**TASK BRIEF**
Once you reach the line containing "v Photo Gallery" in the data below, restate each line word for word up to and including the one containing "2024年初中没毕业如何提升学历".

**AVAILABLE RECORDS**
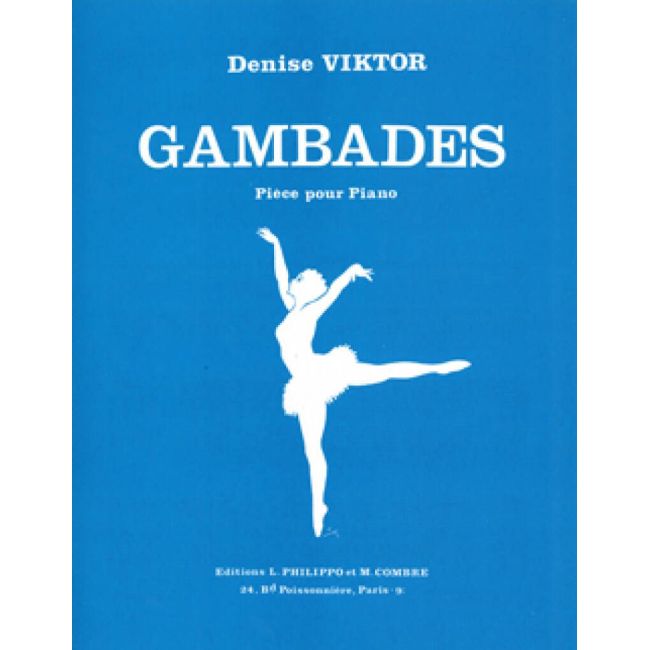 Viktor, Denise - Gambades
--
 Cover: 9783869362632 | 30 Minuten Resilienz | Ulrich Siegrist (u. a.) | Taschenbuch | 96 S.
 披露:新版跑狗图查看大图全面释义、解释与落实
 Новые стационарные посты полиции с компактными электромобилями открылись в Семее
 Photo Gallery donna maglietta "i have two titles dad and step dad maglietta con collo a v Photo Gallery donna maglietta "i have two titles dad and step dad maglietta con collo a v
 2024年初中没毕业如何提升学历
--
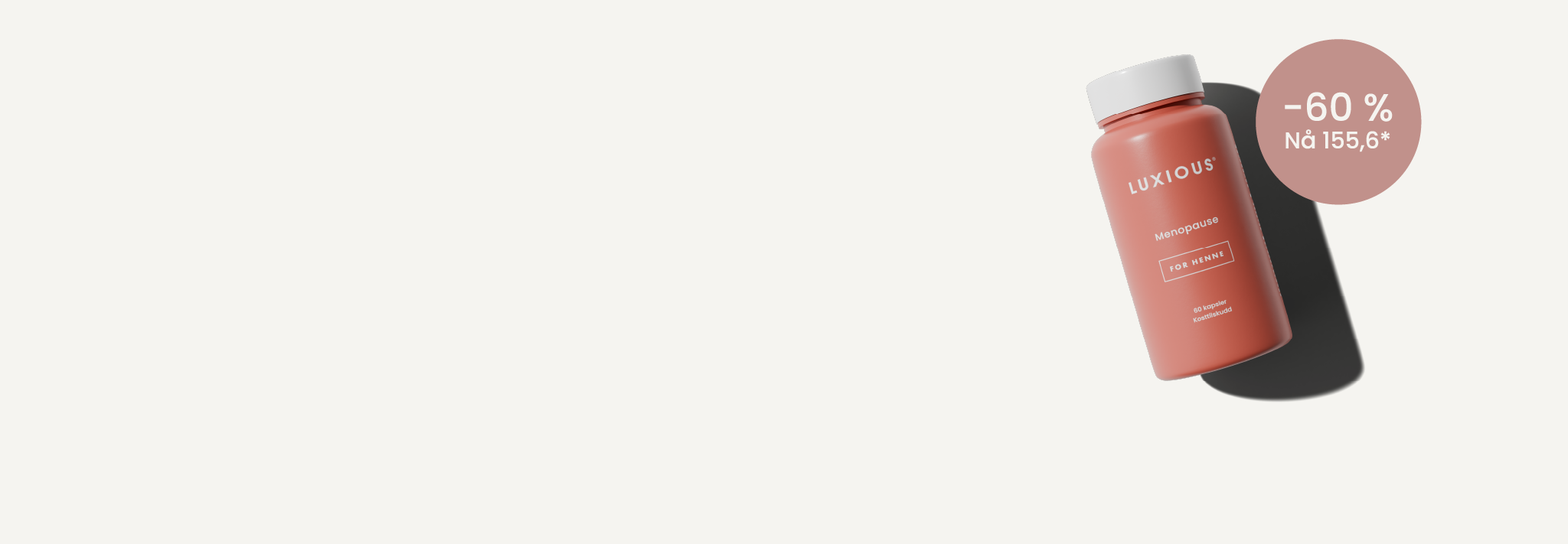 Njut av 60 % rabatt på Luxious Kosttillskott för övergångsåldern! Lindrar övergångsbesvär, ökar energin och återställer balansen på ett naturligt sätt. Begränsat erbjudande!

**RESULT**
 Photo Gallery donna maglietta "i have two titles dad and step dad maglietta con collo a v Photo Gallery donna maglietta "i have two titles dad and step dad maglietta con collo a v
 2024年初中没毕业如何提升学历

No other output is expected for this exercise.